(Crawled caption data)
== Segment start ==

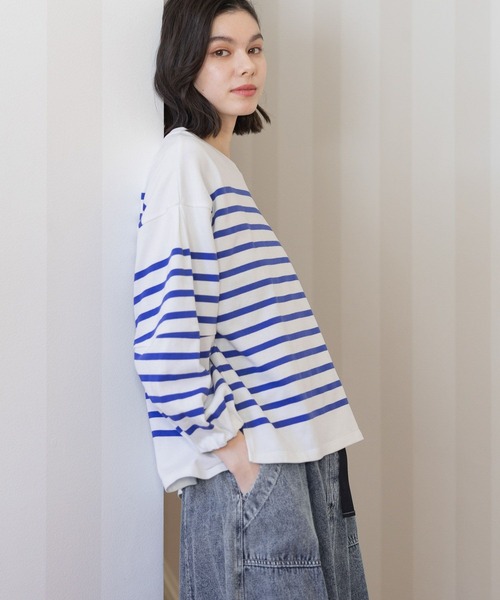 niko and...(ニコアンド)の「ケアイージーランタンボリュプルオーバー(Tシャツ/カットソー・レディース・オフホワイト/ブルー/ブラック/ピンク/グリーン・MEDIUM/LARGE)」の11枚目の写真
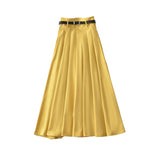 Women Skirt Women's Summer Suit Skirt Skirt High Waist A- line Dress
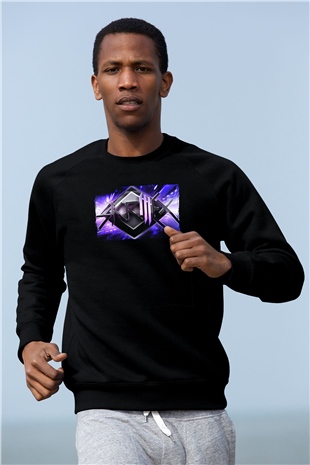 Skrillex Siyah Unisex Sweatshirt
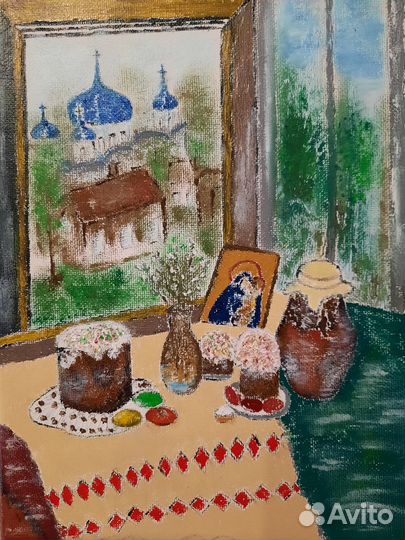 Картина маслом Пасха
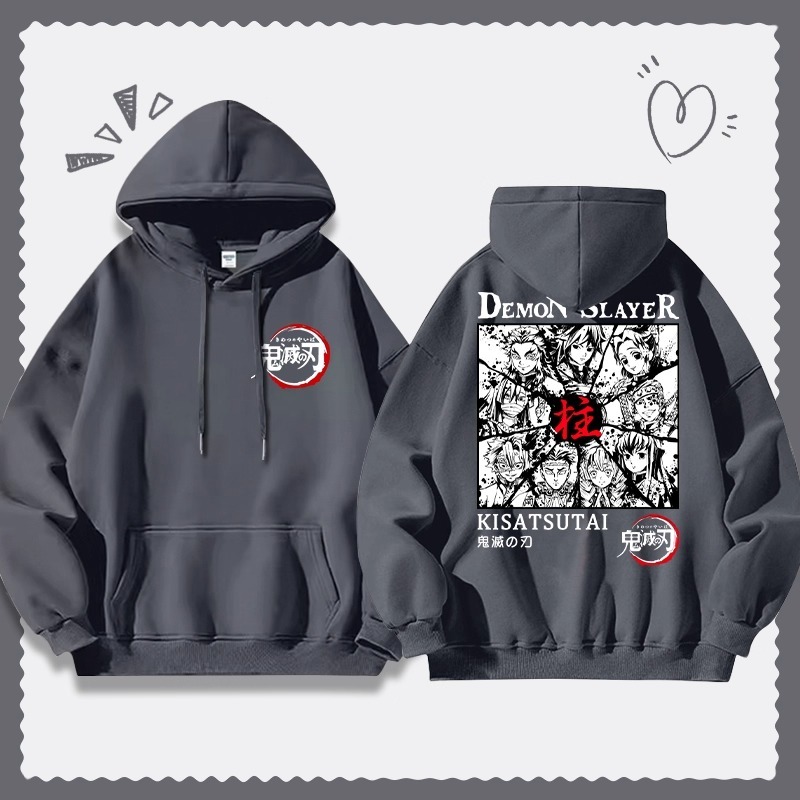 鬼滅之刃 聯名衛衣2025秋冬新款寬鬆連帽衛衣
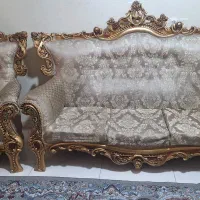 مبل سلطنتی ۷ نفره|مبلمان خانگی و میز عسلی|اندیشه, اندیشه فاز ۱|دیوار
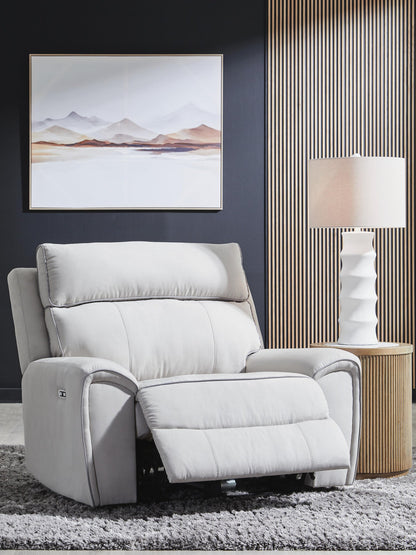 Social Pointe PWR Recliner/ADJ Headrest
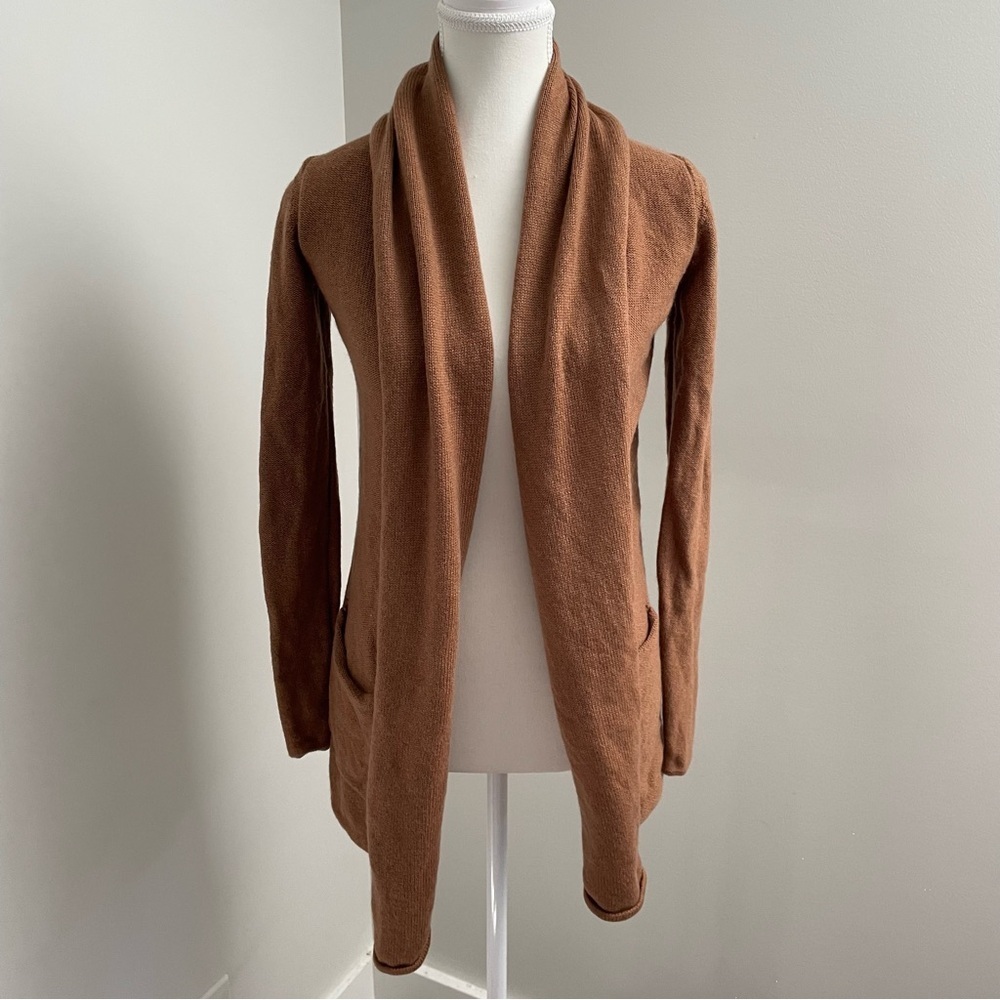 Aritzia Babaton Wool and Cashmere Knit Sweater Tan Size XXS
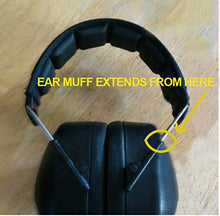Load image into Gallery viewer, Professional Safety Ear Muffs by Decibel Defense - 37dB NRR - The HIGHEST Rated &amp; MOST COMFORTABLE Ear Protection for Shooting &amp; Industrial Use - THE BEST HEARING PROTECTION...GUARANTEED
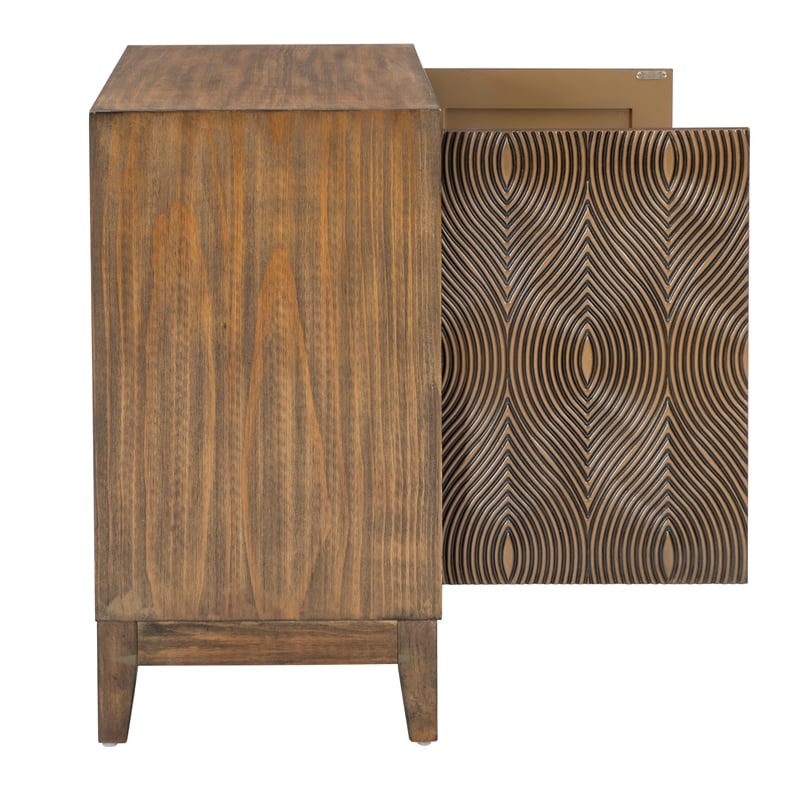 Linon Jennison Accent Cabinet in Brown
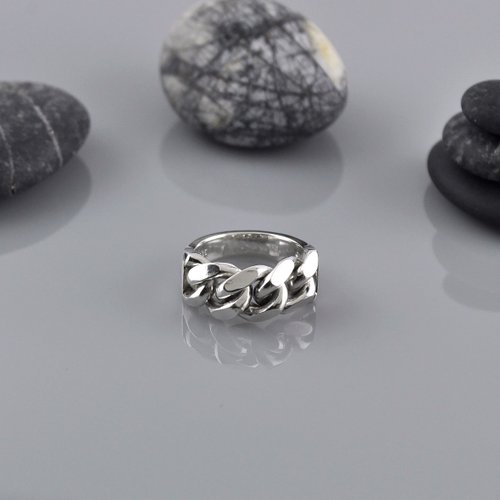 GreenRock Jewelry 鎖鍊戒指 925純銀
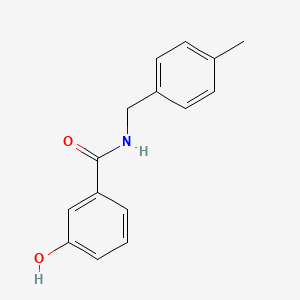 3-hydroxy-N-[(4-methylphenyl)methyl]benzamide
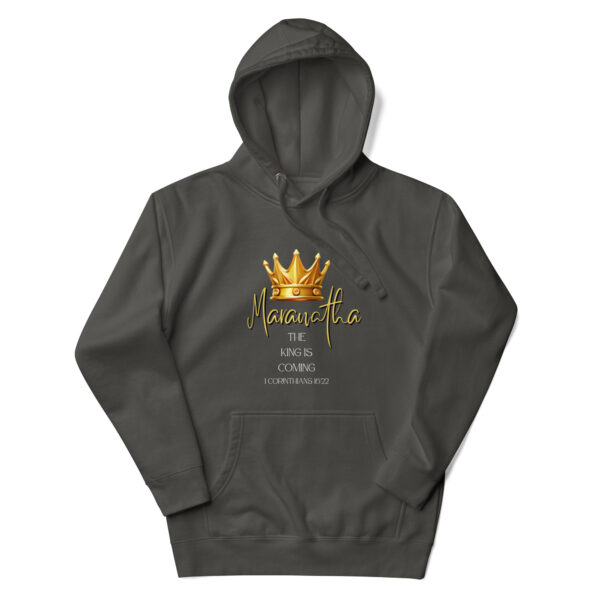Maranatha The King is Coming – 1 Corinthians 16:22 | Kapuzenpullover für alle – Bild 27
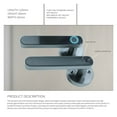 thumbnail image 4 of Tuya Digital Electronic Smart Door Lock Biometric Fingerprint Door Handle Keyless Digital Password Smart Home ,More Secure, 4 of 7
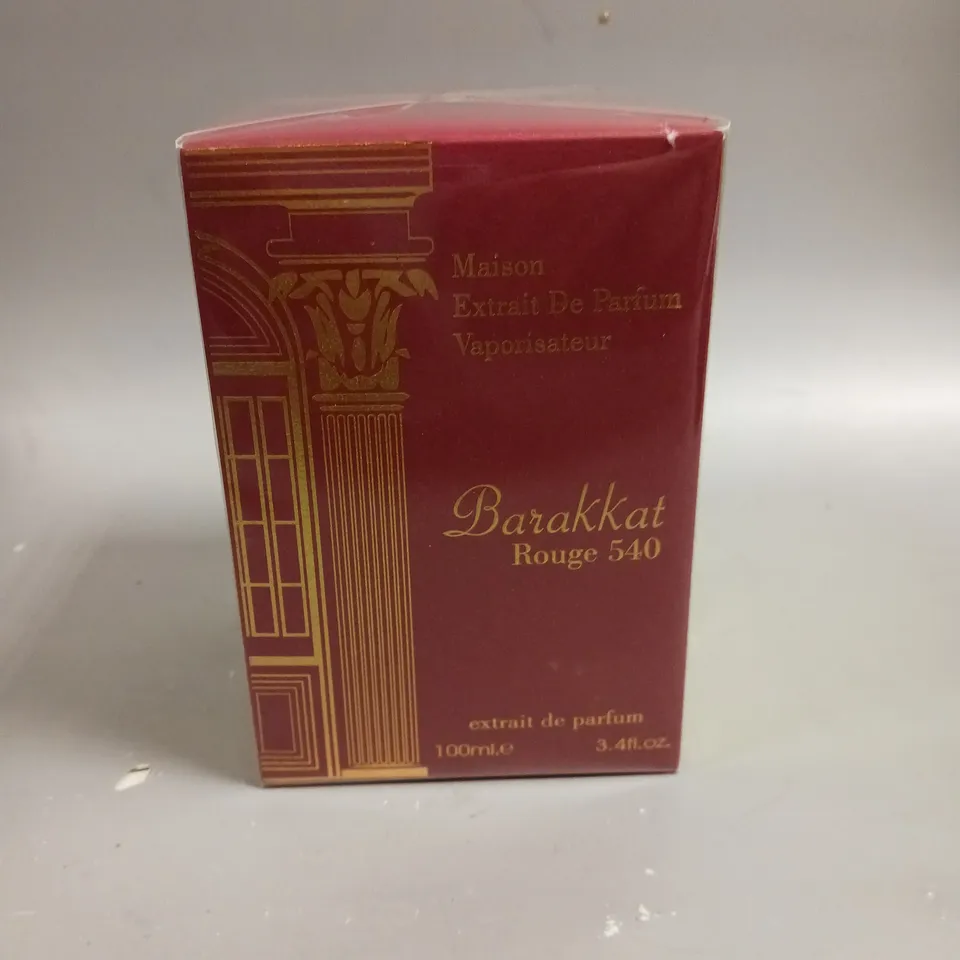 BOXED AND SEALED MAISON EXTRAIT DE PARFUM BARAKKAT ROUGE 540 EXTRAIT DE PARFUM 100ML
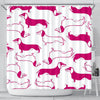 Dachshund Patterns Print Shower Curtain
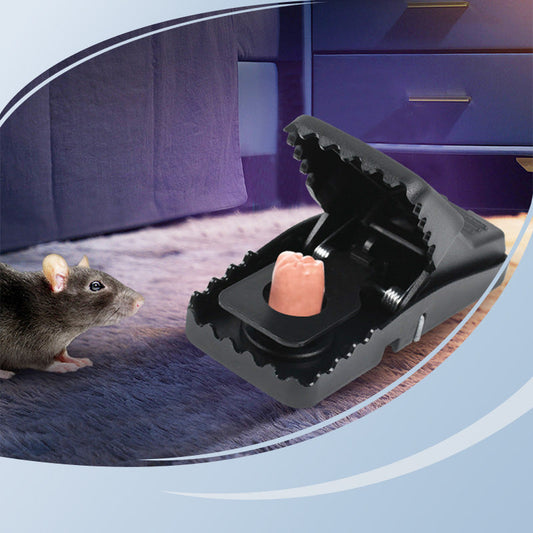 🐭 BUY 1 GET 1 FREE! ✨ Reusable Rat Trap - High Sensitivity Trigger & Escape-Proof Design for Safe and Effective Pest Control 🚫🧀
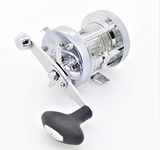 AbuGarcia Ambassadeur 6500CL Steel Grey Right Winding Counterbalance Handle Basket Fishing Round Reel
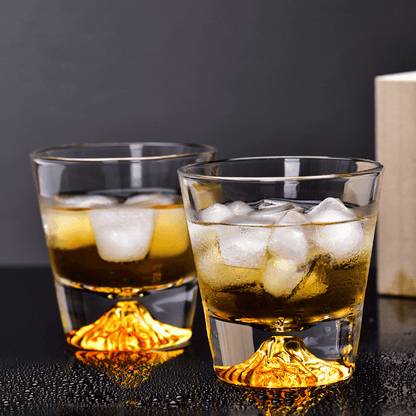 Whiskeyglas Edo Kiriko Handgemaakt Japans Kristal Set Houten Geschenkdoos Chamvin | Restfield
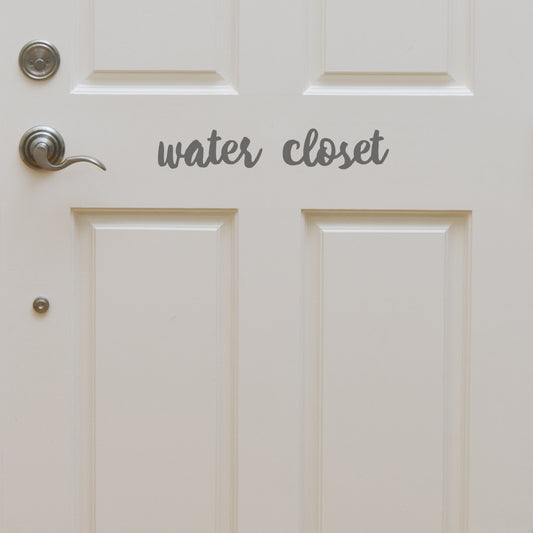 Water closet | Door decal - Adnil Creations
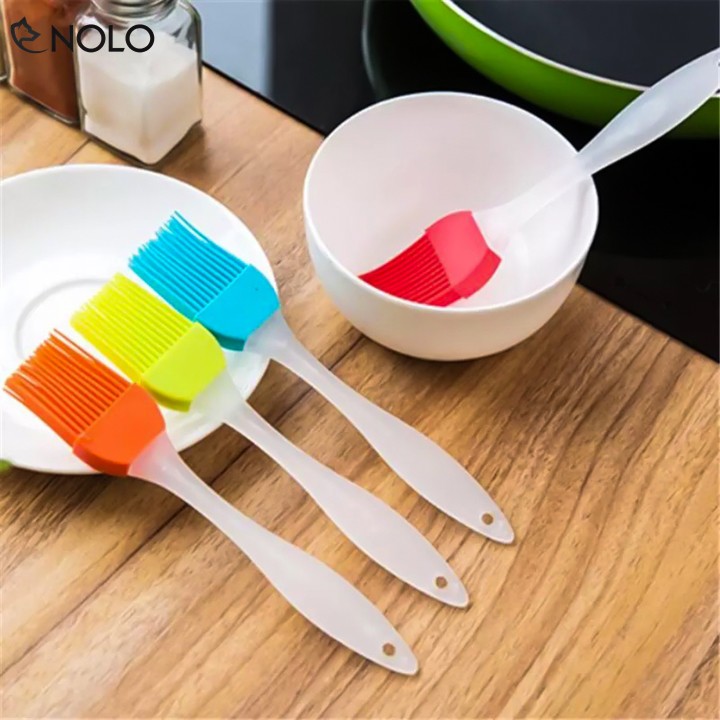 Combo 4 Cọ Quét Dầu Mỡ, Gia Vị, Nước Sốt Lên Thực Phẩm Chất Liệu Silicone An Toàn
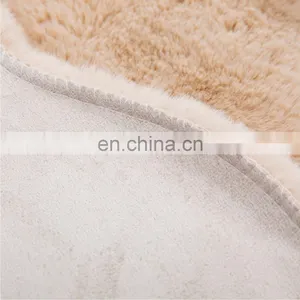 Big Large Customized Living Room Standard Mats Carpets White Faux Fur Sheepskin Area Rug thumbnail-5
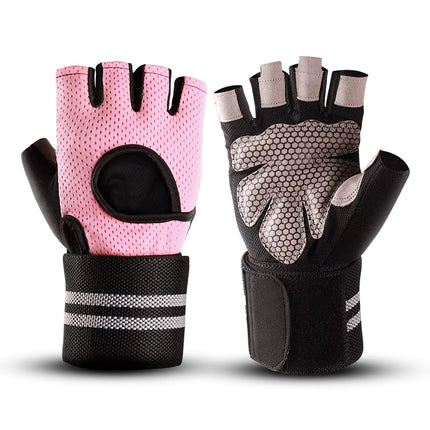 Guantes Deportivos con Soporte de Muñeca y Palma Antideslizante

== Segment end ==

Every picture stays out; reproduce exactly the lines from the one with "AbuGarcia Ambassadeur 6500CL" through the last line of the data above.

 AbuGarcia Ambassadeur 6500CL Steel Grey Right Winding Counterbalance Handle Basket Fishing Round Reel
 Whiskeyglas Edo Kiriko Handgemaakt Japans Kristal Set Houten Geschenkdoos Chamvin | Restfield
 Water closet | Door decal - Adnil Creations
 Combo 4 Cọ Quét Dầu Mỡ, Gia Vị, Nước Sốt Lên Thực Phẩm Chất Liệu Silicone An Toàn
 Big Large Customized Living Room Standard Mats Carpets White Faux Fur Sheepskin Area Rug thumbnail-5
 Guantes Deportivos con Soporte de Muñeca y Palma Antideslizante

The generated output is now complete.